A district court must dismiss a claim under Rule 12(b)(1) if a plaintiff fails to allege facts sufficient to establish standing under Article III of the Constitution. See Cortlandt Street Recovery Corp. v. Hellas Telecomm., 790 F.3d 411, 416–17 (2d Cir. 2015). The plaintiff bears the burden of “alleging facts that affirmatively and plausibly suggest that [he] has standing to sue.” Id. at 417 (quotation and alteration omitted).
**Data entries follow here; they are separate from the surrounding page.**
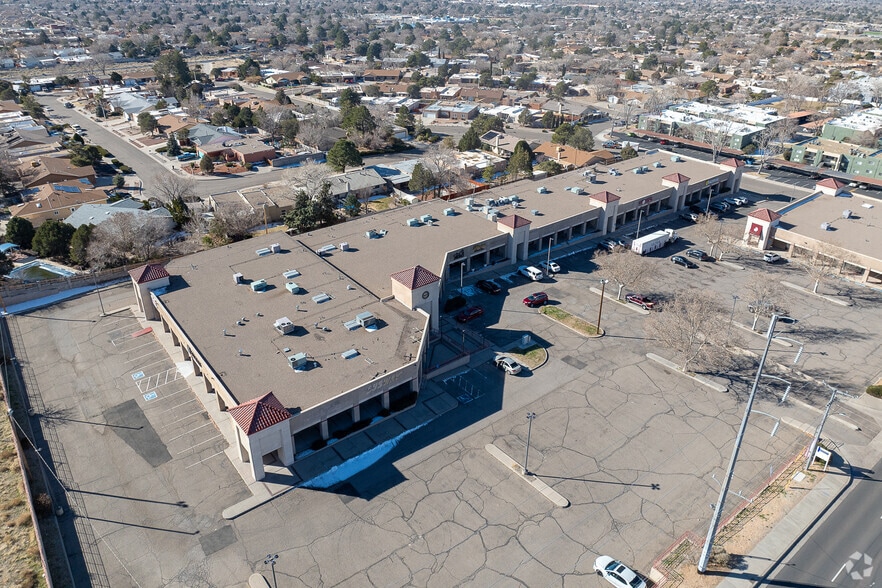 More Photos Of 12500 Montgomery Blvd NE, Albuquerque General Retail For Lease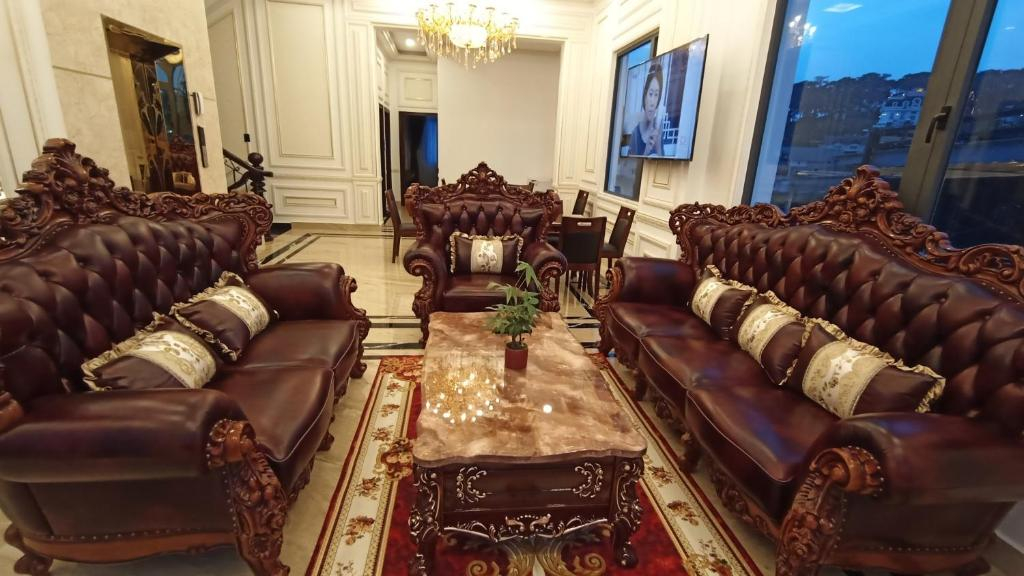 Crown Dalat Hotel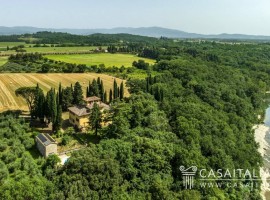 Vendita Villa unifamiliare in Località Ponte alla Chiassa 87 Arezzo. Ottimo stato, posto auto, con t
Each element of standing “must be supported in the same way as any other matter on which the plaintiff bears the burden of proof, i.e., with the manner and degree of evidence required at the successive stages of the litigation.” Lujan v. Defs. of Wildlife, 504 U.S. 555, 561 (1992). Where, as here, “standing is challenged on the basis of the pleadings, we accept as true all material allegations of the complaint, and must construe the complaint in favor of the complaining party.” W.R. Huff Asset Mgmt. Co., LLC v. Deloitte & Touche LLP, 549 F.3d 100, 106 (2d Cir. 2008) (quoting United States v. Vazquez, 145 F.3d 74, 81 (2d Cir. 1998)) (cleaned up).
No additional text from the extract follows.